YOUR GOAL: Leave out the images and transcribe the entries below word for word.
[Opening INFORMATION GIVEN section]
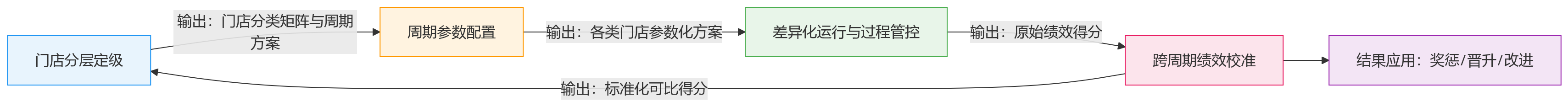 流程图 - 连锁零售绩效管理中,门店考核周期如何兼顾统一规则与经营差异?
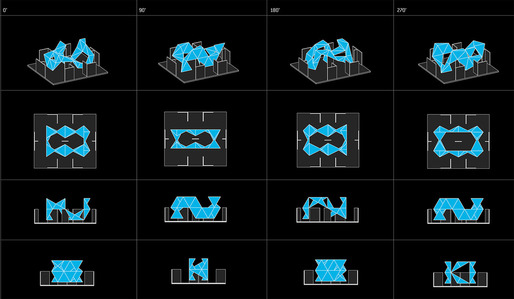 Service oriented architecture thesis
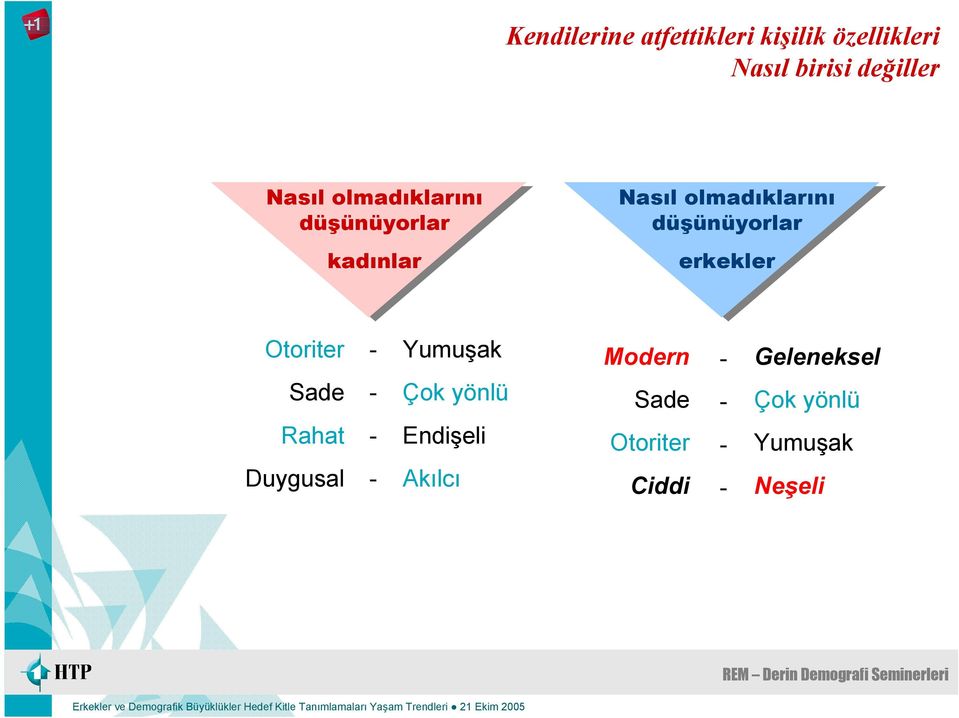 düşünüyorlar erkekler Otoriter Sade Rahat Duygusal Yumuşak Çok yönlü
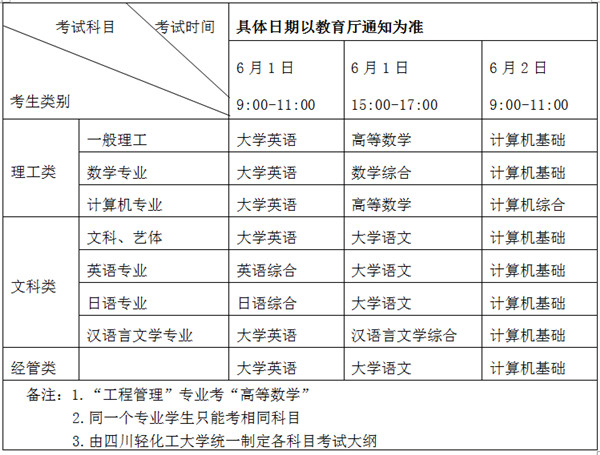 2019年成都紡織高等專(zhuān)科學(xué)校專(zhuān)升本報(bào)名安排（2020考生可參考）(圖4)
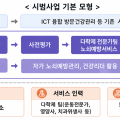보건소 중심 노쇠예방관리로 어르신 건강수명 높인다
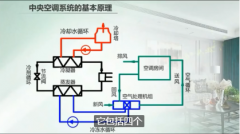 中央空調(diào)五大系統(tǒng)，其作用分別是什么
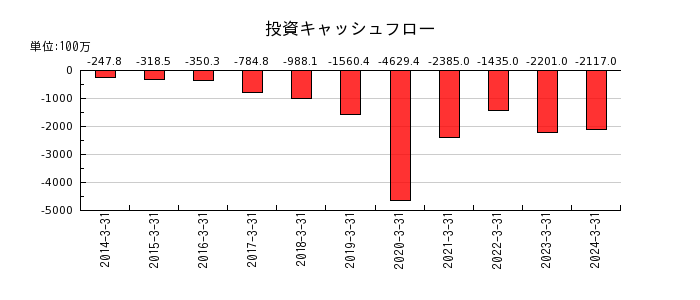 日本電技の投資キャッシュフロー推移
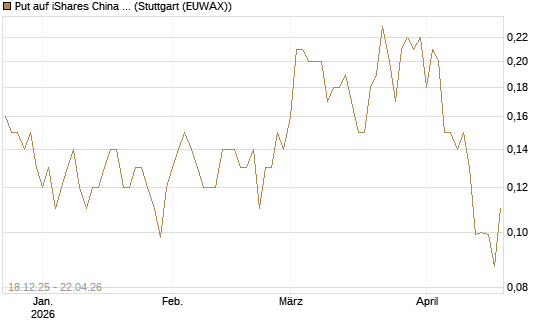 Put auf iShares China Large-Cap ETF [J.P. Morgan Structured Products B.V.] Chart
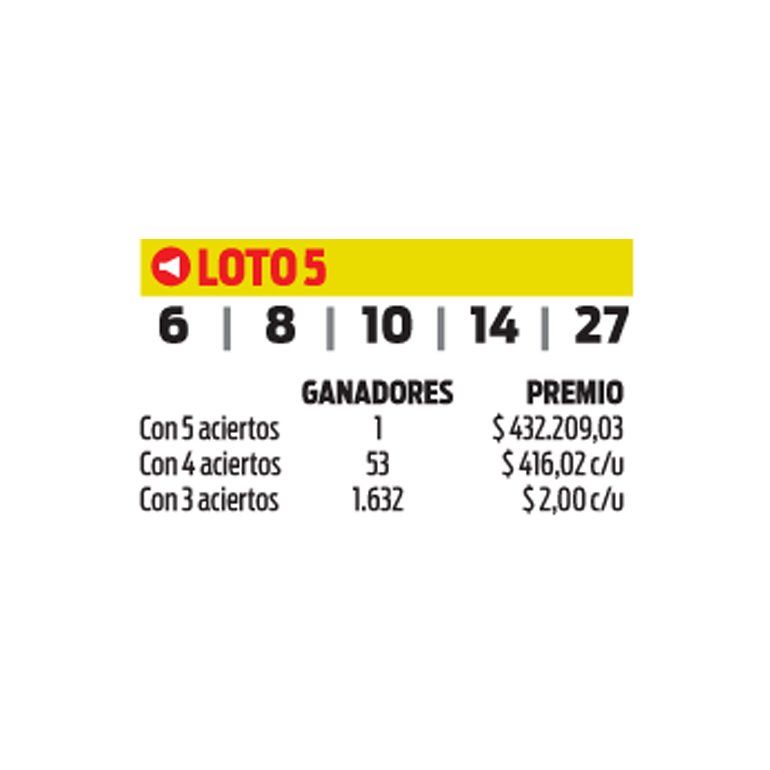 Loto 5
[Closing INFORMATION GIVEN section]
WRITTEN REPLY:
 流程图 - 连锁零售绩效管理中,门店考核周期如何兼顾统一规则与经营差异?
 Service oriented architecture thesis
 düşünüyorlar erkekler Otoriter Sade Rahat Duygusal Yumuşak Çok yönlü
 2019年成都紡織高等專(zhuān)科學(xué)校專(zhuān)升本報(bào)名安排（2020考生可參考）(圖4)
보건소 중심 노쇠예방관리로 어르신 건강수명 높인다
 中央空調(diào)五大系統(tǒng)，其作用分別是什么
 日本電技の投資キャッシュフロー推移
 Put auf iShares China Large-Cap ETF [J.P. Morgan Structured Products B.V.] Chart
 Loto 5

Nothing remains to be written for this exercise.